Proving that $f(x) = ln x$ is continuous at $a = 3$.
The book wrote this solution:
But when I started by $|f(x) - f(3)| < \varepsilon$ to find the appropriate $\delta$, I arrived at $ 3e^{-\varepsilon} -3 < x-3 < 3e^\varepsilon -3$, I do not understand why he take delta the minimum of the left hand side and right hand side of $x-3$, why he did not take directly that $\delta = 3e^\varepsilon -3$? could anyone explain this for me please?

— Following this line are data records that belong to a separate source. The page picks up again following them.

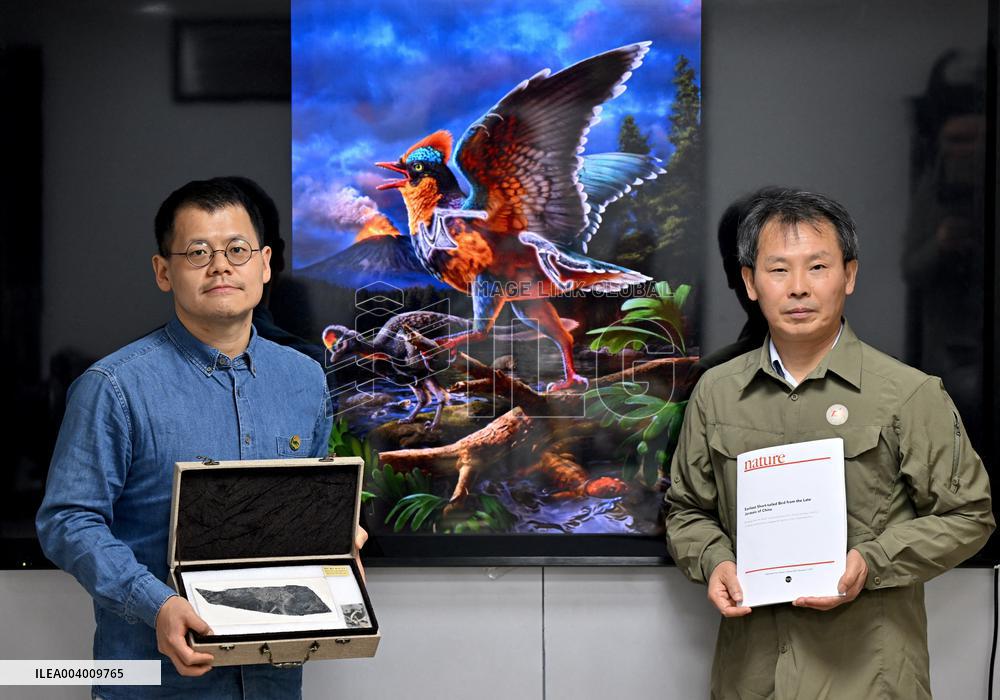 The Oldest Short-Tailed Bird Fossil Discovered - China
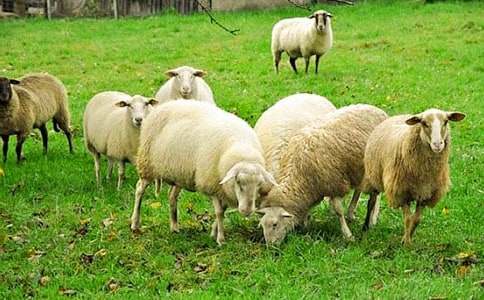 С�����g�d������½̰�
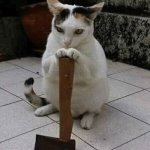 Cat with axe template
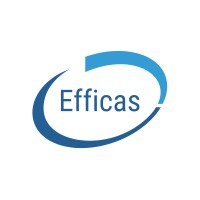 EFFICAS SAS logo - Similar company to Soone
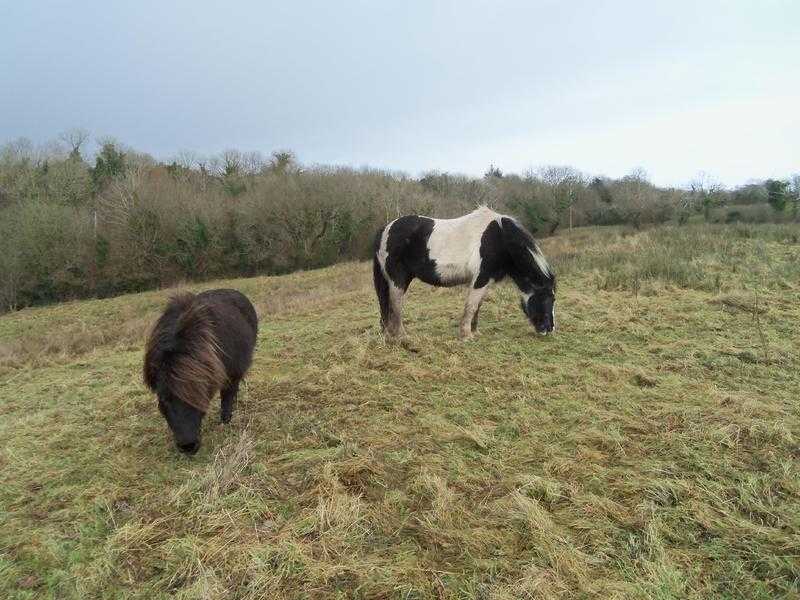 Five Star Home Wanted For Shetland Stallion Pony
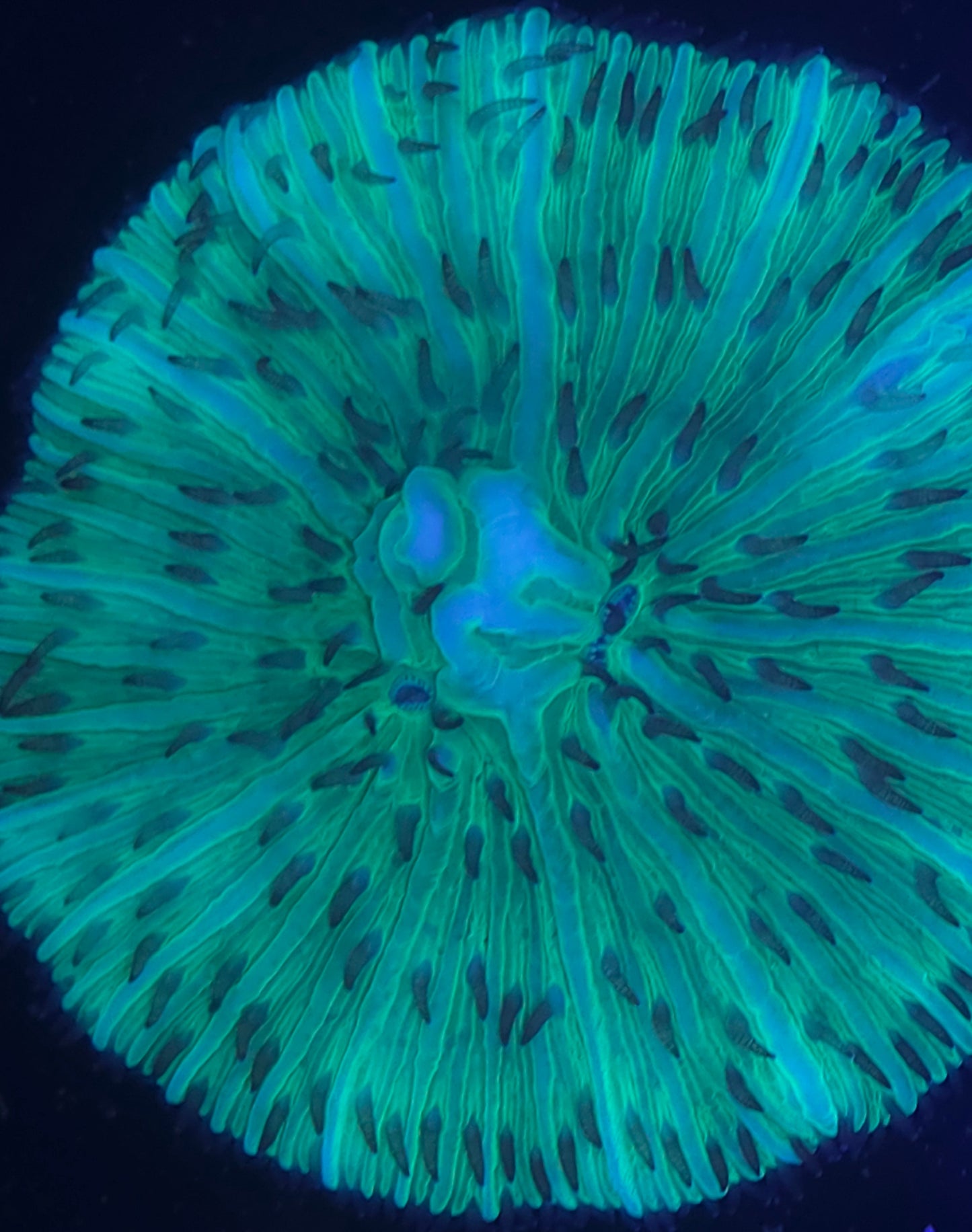 Green Plate Coral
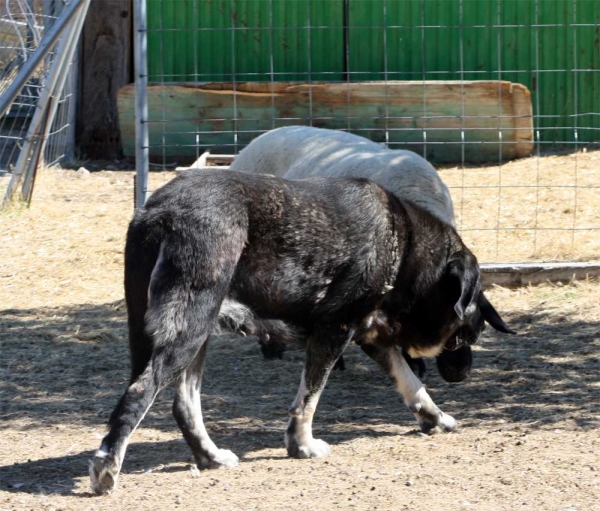 Mastín owned by Gustavo, Ávila 2013 
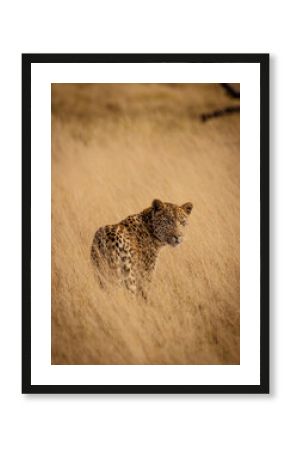 Leopard walking through savanna grass in the  magical Okavango Delta in Botswana. Seen on a wilderness safari in July 2022.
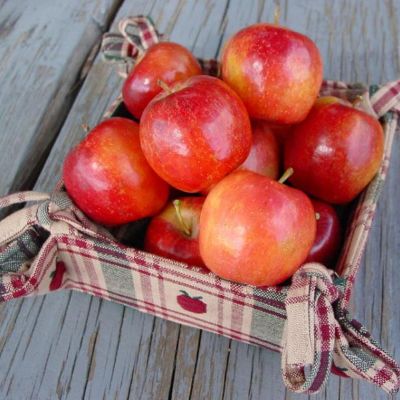 View full size image Photo of Whitney Crabapple Tree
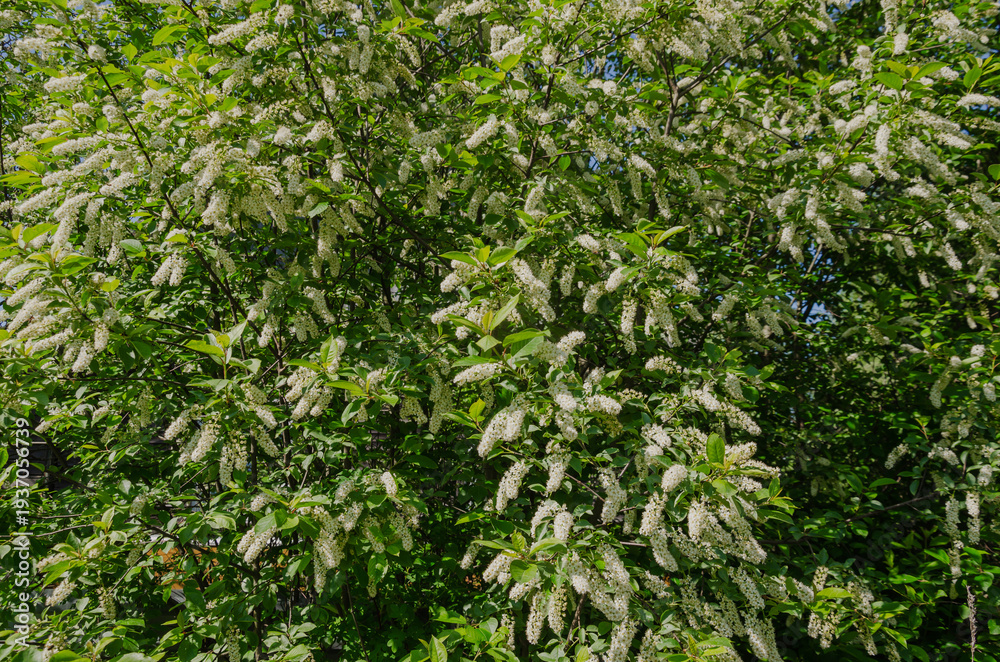 Fototapeta premium In spring, bird cherry blossoms with white flowers.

$\big|\ln x-\ln 3\big|=\big|\ln\left(\dfrac{x}{3}\right)\big|\lt\varepsilon$ whenever $-\varepsilon\lt\ln\left(\dfrac{x}{3}\right)\lt\varepsilon\implies e^{-\varepsilon}\lt\dfrac{x}{3}\lt e^{\varepsilon}\implies 3e^{-\varepsilon}\lt x\lt 3e^{\varepsilon}.$
Thus $\big|\ln x-\ln 3\big|\lt\varepsilon$ whenever $|x-3|\lt\delta$
where $\delta$=$\min(3-3e^{-\varepsilon},3e^{\varepsilon}-3).$
$\varepsilon\gt 0\implies e^{\varepsilon}\gt 1\implies \dfrac{1}{e^{\varepsilon}}\lt 1\implies \dfrac{e^{\varepsilon}-1}{e^{\varepsilon}}\lt e^{\varepsilon}-1\implies 1-e^{-\varepsilon}\lt e^{\varepsilon}-1\implies 3-3e^{-\varepsilon}\lt 3e^{\varepsilon}-3\implies \min(3-3e^{-\varepsilon},3e^{\varepsilon}-3)=3-3e^{-\varepsilon}.$
$\therefore \big|\ln x-\ln 3\big|\lt\varepsilon$ whenever $|x-3|\lt3e^{-\varepsilon}-3$
Hence $\ln x$ is continuous at $x=3$.